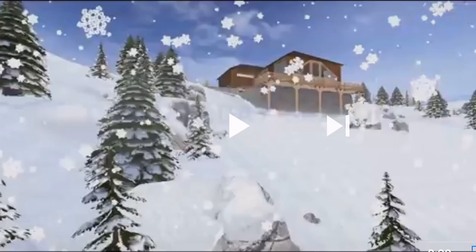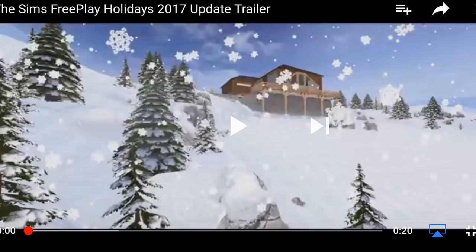Hi guys, my name is Greena Jemsicle and welcome to the Sims Freeplay Holiday 2017 Update Trailer Reaction. I am so looking forward to having a little look at this trailer. This trailer has just dropped and I haven't seen it yet. They are now kind of bringing out the trailer as the update comes out, but the update is actually available in the App Store now, so if you haven't updated your game, go ahead and update it so you can get all of this new holiday content. Let's play the trailer and let's take a look at it together.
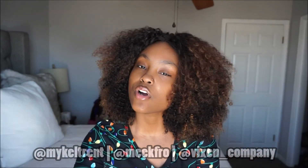Thumbs up this video, like, subscribe, share. That's this hair here. Thank y'all for watching — see y'all in the next video. Bye!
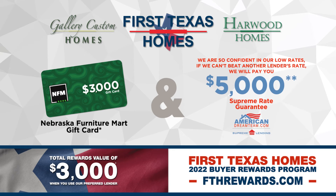Make sure to ask us about our Supreme Rate Guarantee. We are confident in our low rates — if we cannot beat another lender's rate, we'll pay you $5,000.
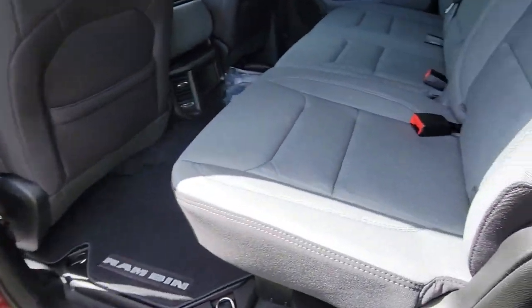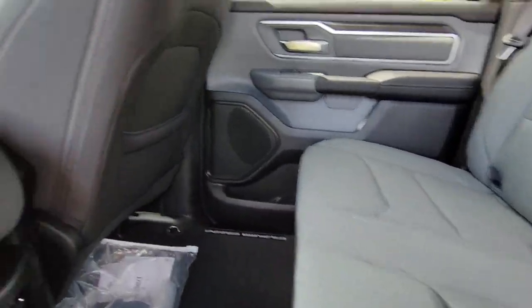Don't do the job unless you can do it right. Drive the truck that has the capability you need. The Ram 1500.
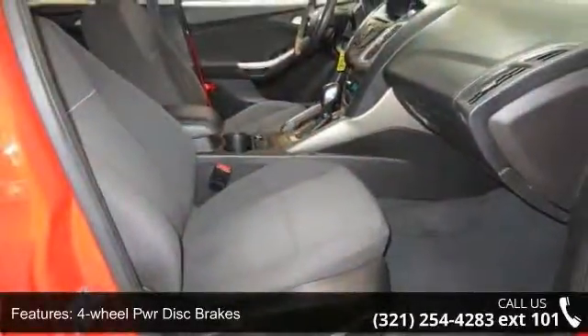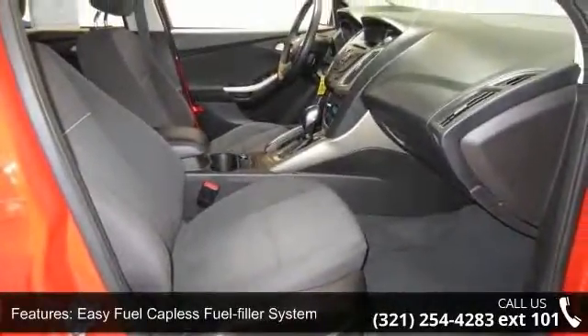A test drive is waiting for you. Call now to schedule an appointment at our dealership.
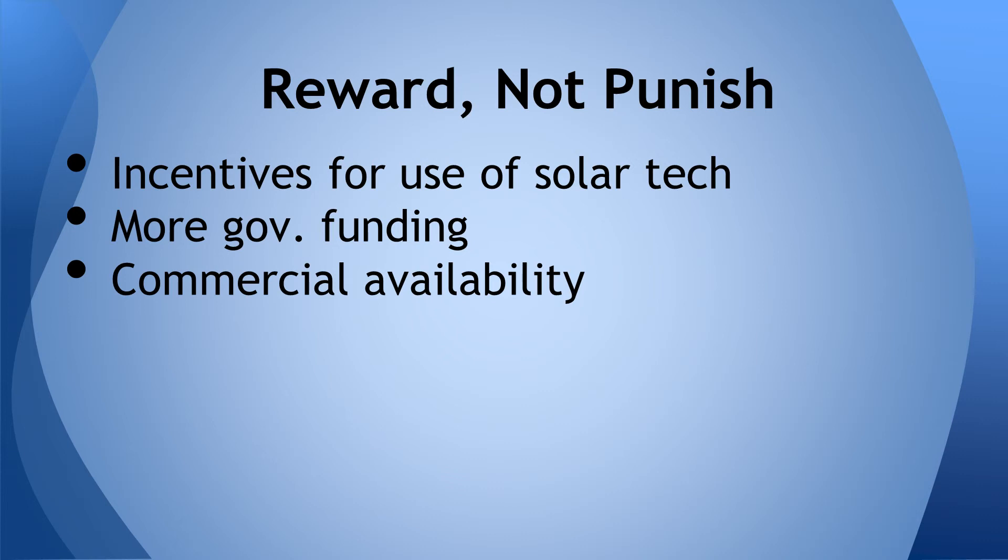In order to expand the use of solar energy, both consumers and developers must have worthy incentives when investing in solar technology. If the government would start tax breaks rather than tax levies on solar power, it would become more viable for the average consumer. Additional funding towards research and development would help increase efficiencies at a greater rate, and better home installation plans would make it more available for residential use as well.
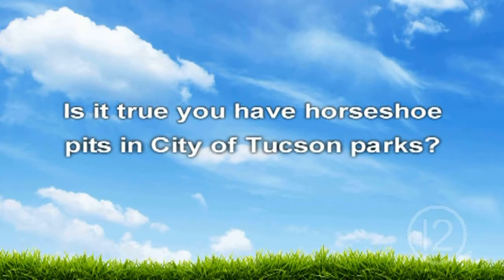Hi, I'm Sierra Davenport with Tucson Parks and Recreation. We love hearing from you. Recently, we received this question: Is it true you have horseshoe pits in the city of Tucson Parks?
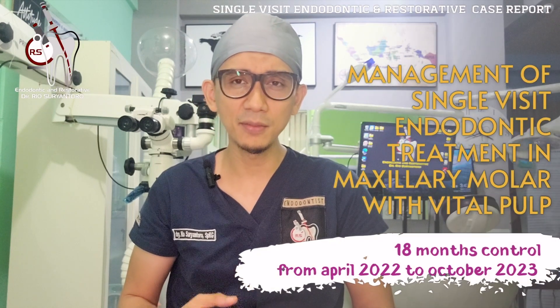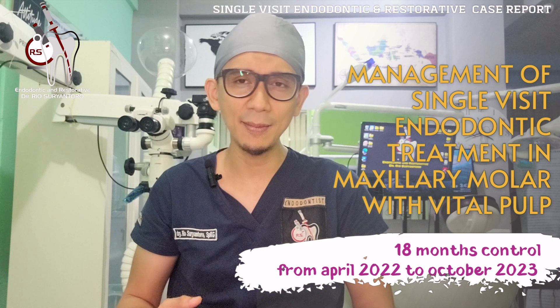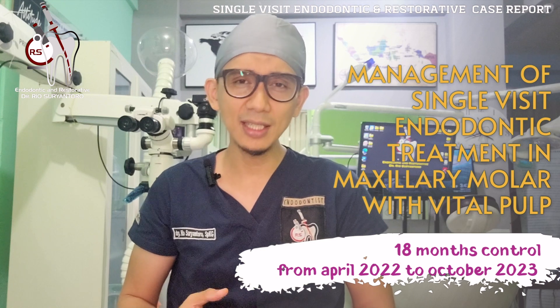First, this case had four canals, and I had difficulties in searching and negotiating the MB2 canal. I know that this technique is quite tedious for us as dentists and tends to be avoided.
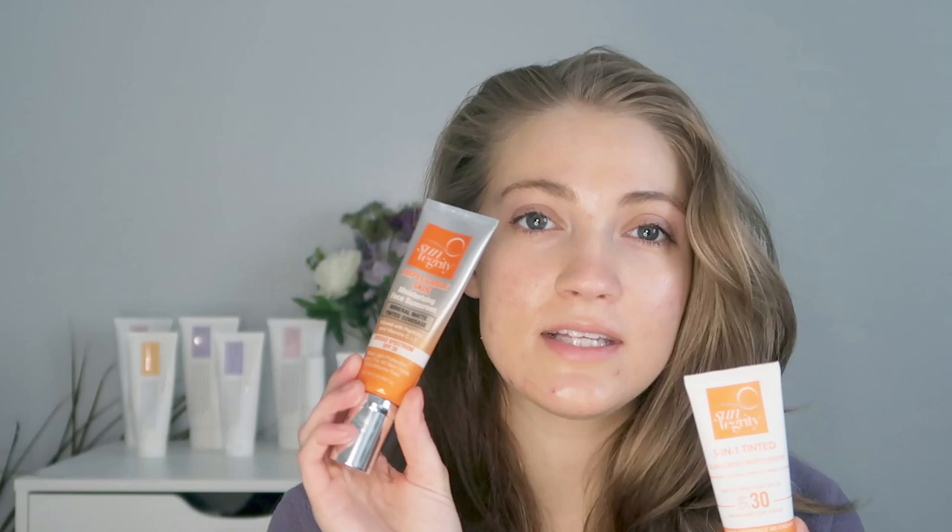Hi guys, welcome to another video. Today I'm going to be talking about one of my favorite tinted sunscreens for the face and I'm going to be comparing it with another tinted sunscreen. Both of the sunscreens I'm talking about are from Suntegrity. This is going to be a comparison between the Impeccable Skin sunscreen and their 5-in-1 tinted sunscreen.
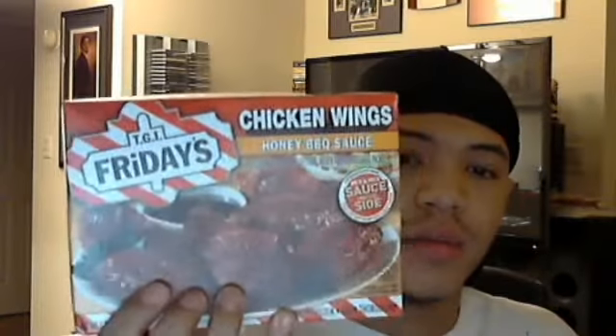What's up everybody, this is A to the Best, and today I'm going to talk about TGI Friday's chicken wings honey barbecue sauce. On the back it says nutrition facts, serving size 3 ounce edible portion, 84 grams, and sauce 2 grams, 2 teaspoons, 31 grams.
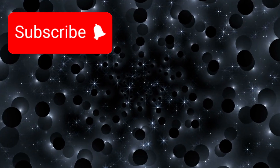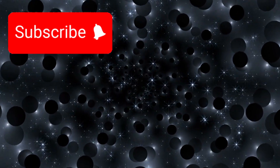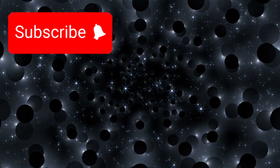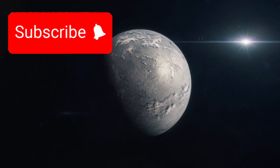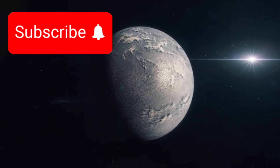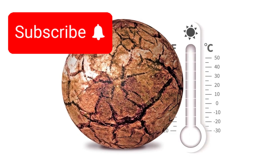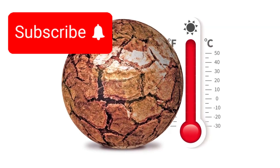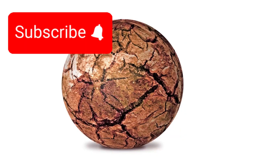Unlike Earth, Proxima b is likely tidally locked, meaning one side always faces its star in eternal daylight, while the other remains trapped in perpetual night. For a long time, scientists thought such conditions might make a planet uninhabitable — too hot on one side, too cold on the other. But that idea has evolved. Experts now believe that the thin strip between the day and night sides — the Terminator Zone — could provide a sweet spot, a twilight belt where temperatures might remain relatively mild.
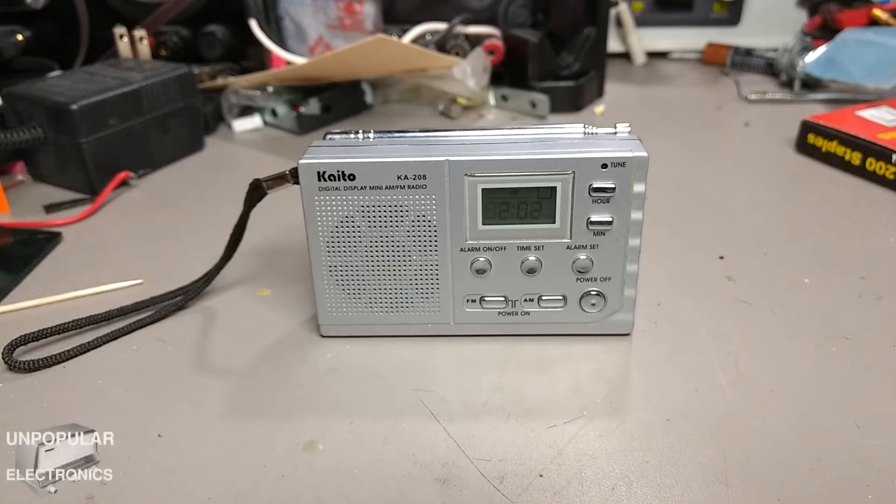This is a quick review of the Kato Ka208 mini emergency AM/FM clock radio. I don't know exactly when these things were made, but this one I found in my mother's stuff before she passed away back in 2014, and it was in her emergency just-in-case box. She had a couple of these.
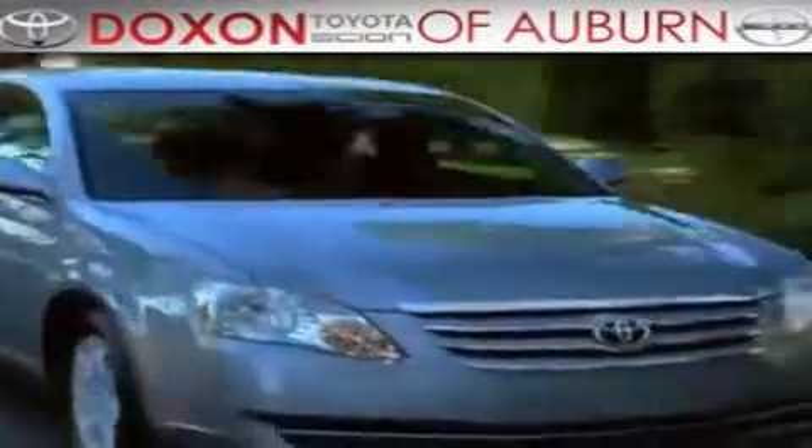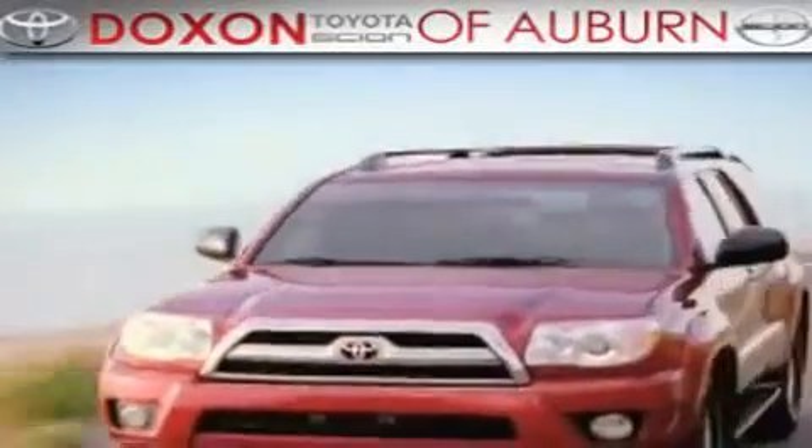Dachshund Toyota of Auburn, where you save money today on every new and used Toyota since 1938. This is a brand new 2011 Toyota Camry.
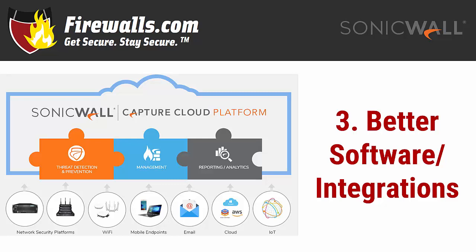Capture ATP even has capabilities to automatically remediate a ransomware attack and roll back damage after the fact. This service, for example, is not available in many previous generations. In fact, the newly released SOHO 250 is the first SOHO to support Capture ATP.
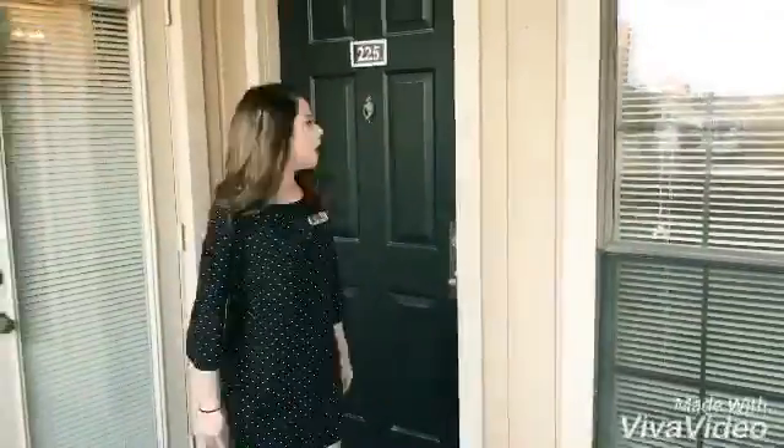Today I'm going to be showing you one of our 500 square foot move-in ready apartments — apartment 225. If you want to follow me, I'll show you around. Welcome home.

#####

● Task brief
Your answer must be the lines from the one containing "Capture ATP even" through the last line of the records, printed exactly with no pictures; please include both ends.

● Reply to the task
Capture ATP even has capabilities to automatically remediate a ransomware attack and roll back damage after the fact. This service, for example, is not available in many previous generations. In fact, the newly released SOHO 250 is the first SOHO to support Capture ATP.
Today I'm going to be showing you one of our 500 square foot move-in ready apartments — apartment 225. If you want to follow me, I'll show you around. Welcome home.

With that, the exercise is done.